Things like boilerplate.css version.whocares were loaded (hundreds of KB in CSS!), despite in Chrome Devtools you could see the coverage was less than 0.5%. It was needless, page-load-hurting waste. And JavaScript payloads were also huge, which is unarguably the most expensive payload you can ship to a browser. Developers for enterprise-level clients can’t just write/include code that “gets it done”. It has to be necessary and purposeful. Including a bloated-boilerplate CSS file, where 99%+ is unused, is negligent for the singular reason that building websites requires thinking about the end-user’s experience.

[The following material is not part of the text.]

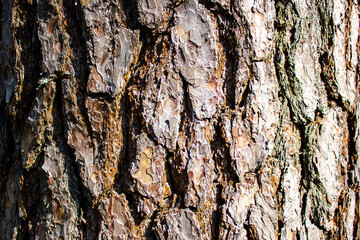 Pine bark texture, background. Authentic bark pattern close-up.
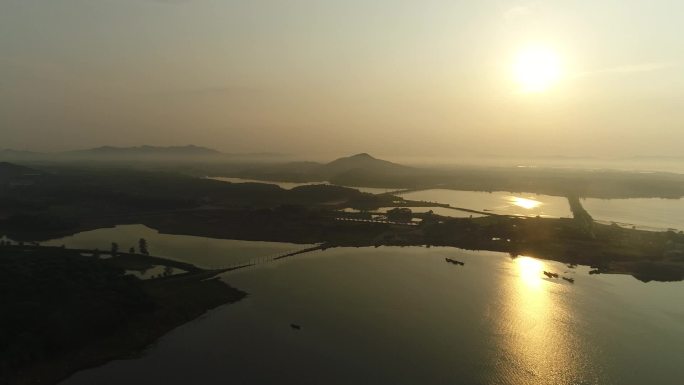 候鸟，夏候鸟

We managed to make some huge reductions in critical JavaScript and CSS, and the impact wasn’t small. We saw page-load times go from 5-8 seconds to more reasonable 1-2 second loads. Here’s a snapshot of before and after for the most expensive resources a browser has to deal with:

Before

  • JavaScript => 2.4MB across 35 files (15 in the <head>)
  • CSS => 866KB across 19 files (14 in the <head>)
  • WordPress Plugins => 29
  • Image loading protocol => load everything all day! Woohoo! {wild west gun shots in the air}

After

  • JavaScript => 54.4KB across 3 files (1 in the <head>)
  • CSS => 200KB across 3 files (1 in the <head>)
  • WordPress Plugins => 15
  • Image loading protocol => if an image is below the fold, load asynchronously to avoid impacting initial render

That’s an enormous reduction in JavaScript, particularly in the <head> section. Same with CSS. Though the total reduction in CSS still isn’t where we want it to be, it’s a dramatic improvement readily viewable by clicking around the site.

In particular, reducing the number of files in <head> was key. If it’s in the <head>, the browser will try to parse it immediately because it assumes the CSS is necessary to render the page. This delays rendering any kind of content, so the user sees a white screen.

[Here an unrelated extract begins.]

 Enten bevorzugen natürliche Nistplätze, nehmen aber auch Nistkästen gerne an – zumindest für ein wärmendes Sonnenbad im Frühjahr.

Cue the hipsters crying “just use a static site generator!”

Yes, static site generators are all the rage right now, but they don’t magically solve the problem of a bloated site, let alone a WordPress site. If you connect WordPress to a static site generator without doing the hard work of a refactor to trim bloat, those flattened output files are still going to have all the bloated CSS/JS, which will require the same long list of network requests as well as browser-parsing time needed to display the page. Mission, not accomplished.

Let’s just throw more hardware at the problem!

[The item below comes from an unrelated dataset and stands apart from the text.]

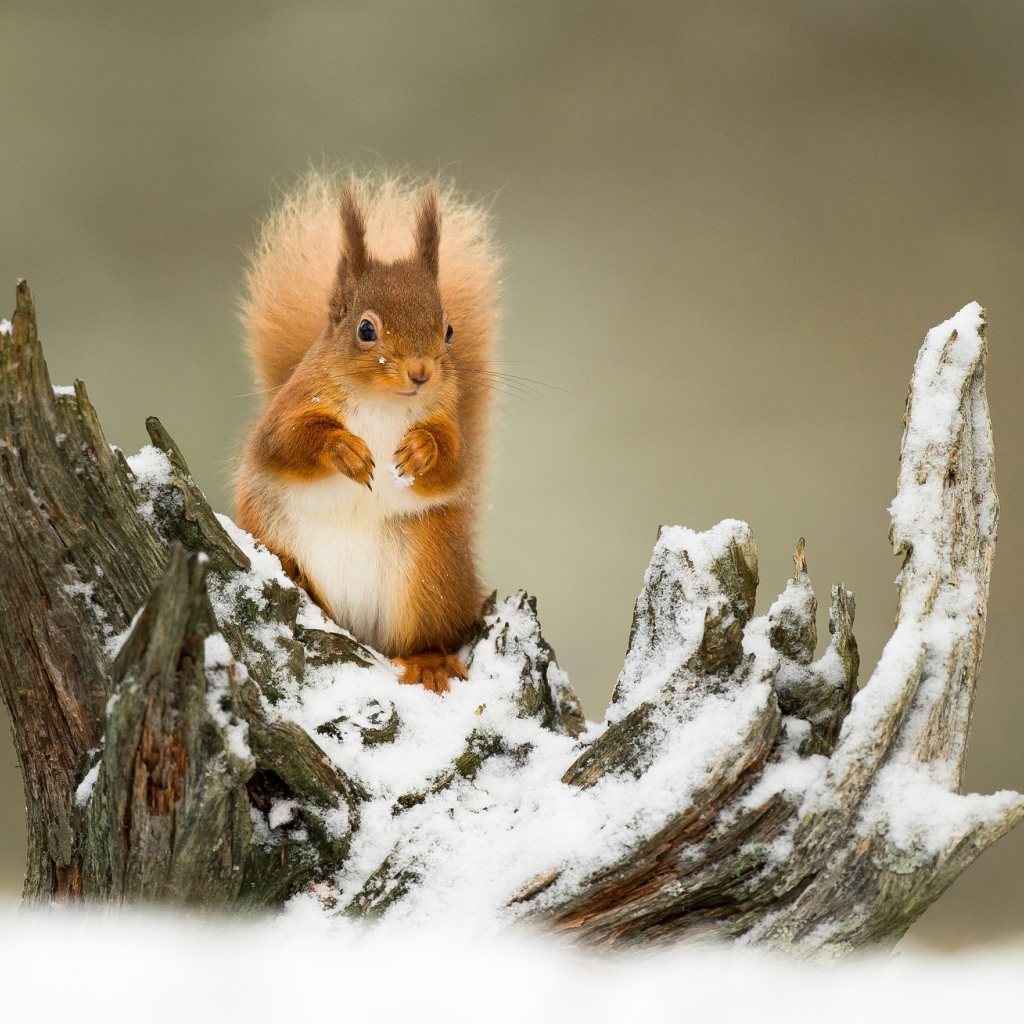 Маленькая рыжая белка сидит на заснеженной коряге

— irresponsible web developer

To protect the innocent, I’ll say this client’s large WordPress site is already hosted on a high-performance, managed-WordPress hosting platform that’s served via Nginx and also backed by Redis, and the hosting plan, in particular, is enterprise-level with plenty of resources.

Hardware wasn’t the issue. Shipping enormous, wasteful, parse-intensive payloads to the browser was the issue. We chiselled away at bloat where we could, but lest our client get increasingly frustrated with site slowness and posts not publishing on time, we needed to go all in.

What about the missed-schedule issue?

Right, back to that. After trimming the site’s fat, we moved toward troubleshooting.

As I said, high-traffic sites face the missed-schedule issue as well. With our client’s site, we felt that by reducing the plugin ecosystem would narrow down errors. In examining the many cron-tasks within WordPress, it appeared some of them were hogging resources, possibly causing server timeouts that didn’t allow other cron tasks to execute (like the “publish future posts” task needed for editorial schedules).

While reducing plugin bloat helped, we still saw the issue, and it owed partly to the problems from the hosting provider — namely, caching.

This enterprise-grade, Managed Hosting provider did the flat-file caching for us (just like a static site generator does). This is great to keep performance high, but this effectively means your server-side PHP is no longer working to serve up your site, but instead a pre-flattened HTML page is served.

Without a server request triggering the necessary PHP routines for WordPress to detect the “event” of a site visitor, PHP-triggered cron-jobs wouldn’t know when to run. So you’re damned if your site is low-traffic, and damned when it’s too high.

A three-pronged fix

1.) Since the content managers are actively in WordPress every day, we banked on the fact that caching is disabled if you’re logged into WordPress. This means any PHP you write will actually run. So we added code to functions.php to detect posts that need to deploy when scheduled (as well as those “missed schedule” posts that are behind schedule).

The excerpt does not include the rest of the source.